Flow 402C relates to determining whether unknown frames depict CSAM. At 440, confirmed samples (which passed flow 402A and/or 402B as described herein) are obtained. At 442, one or more faces are detected in the sample frame, and optionally segmented and/or extracted. At 444, each extracted face is analyzed to determine whether the segmented portion depicts a face. At 446, the sample image is rejected when no face is depicted, face(s) are occluded, face(s) are small (e.g., below a threshold), face(s) are blurred, face(s) are incomplete, and/or face(s) is of low quality. Reason for rejection may be noted. Rejected frames may be noted. Alternatively, at 448, a face is determined to be depicted. At 450, a quality evaluation is performed. When the quality evaluation fails, the process proceeds to 446 where the sample image is rejected. Alternatively, at 452, the quality evaluation passes. At 454, the face is analyzed to determine the age of the individual, for example, by the age ML model described herein. At 456, in parallel and/or sequentially (e.g., before and/or after 454) the image is analyzed to determine whether a depiction of sexuality is detected in the image, for example, by the sexuality ML model described herein. At 458, the indication of age is evaluated to determine whether the individual whose face is depicted in the sample image is under legal age. At 460, when the age of the individual is above the legal age, the sample is determined to be “clean”. At 462, the “clean” image may be hashed or another unique representation computed, and the hash and/or other unique representation added to the customized database, to enable quick determination of future instances of the same image as being “clean”. At 464, the indication of sexuality is evaluated to determine whether the sample image depicts non-clean sexuality, such as nudity and/or other sexual acts being performed. At 466, when no sexuality is determined for the sample image, the sample is determined to be “clean”, and the process may process to 462 to include a unique representation (e.g., hash) of the sample image in the customized database. Alternatively, when at 468 sexuality is determined for the sample individual, and at when at 470 the age of the individual whose face is depicted in the sample image is under legal age, at 472 CSAM is detected for the sample image.
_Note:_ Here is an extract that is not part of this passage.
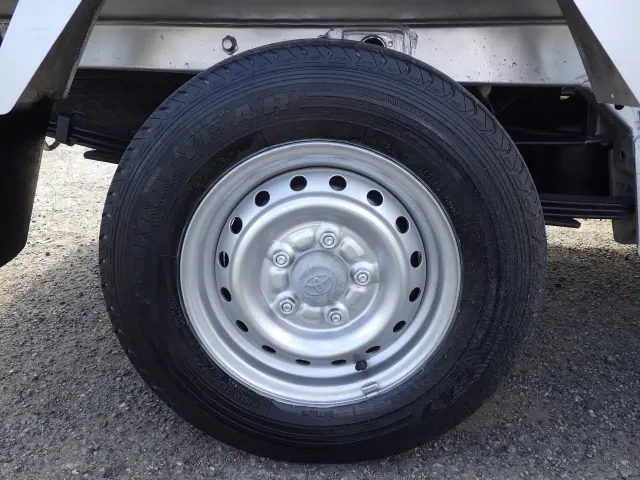 トヨタ タウンエーストラック DBF-S402U(2WD)の写真27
Referring now back to FIG. 5, flows 502A-C may be combined with, included in, and/or replaced with, features described with reference to FIGS. 2 and/or 3. Flows 502A-C may be triggered in response to one of more of flows 402A-C described with respect to FIG. 4 where CSAM is detected. Flows 502A-C may be implemented using components of system 100 described with reference to FIG. 1. Some features of the flow(s) are optional.

Flow 502A relates to generating a summary of the detected CSAM. At 504, a summary classification of the collected data is generated, optionally a summary for each sample frame of the image (e.g., in the case of animation). At 506, a process summary is created. Alternatively or additionally, at 508, a cluster summary of images frames of each cluster is created. Clusters may be identified as frames that are statistically similar. At 510, an evaluation is performed to determine whether the image and/or cluster of frames passes one or more thresholds, for example, length of cluster, confidence in detection CSAM, start time, and end time. The thresholds may help distinguish between true CSAM and incorrectly identified CSAM (i.e., no CSAM actually present). At 512, when one or more thresholds are not passed, the CSAM designation may be labelled as unsubstantiated CSAM. CSAM may be unsubstantiated, for example, in a cluster for which only one frame is identified as CSAM, while other frames are not identified as CSAM. In such a case, the CSAM may be incorrect, for example, a face of an adult is incorrectly identified as a child in the one frame and correctly identified as an adult in the other frames. The unsubstantiated CSAM may be reported, for example, for manual evaluation by a user, to determine whether CSAM is depicted or not. Alternatively at 514, when the one or more thresholds are passed indicating confirmed CSAM, at 516, the CSAM may be reported and/or other actions may be triggers, for example, automatic blocking of the image and/or notification of authorities (e.g., police), as described herein.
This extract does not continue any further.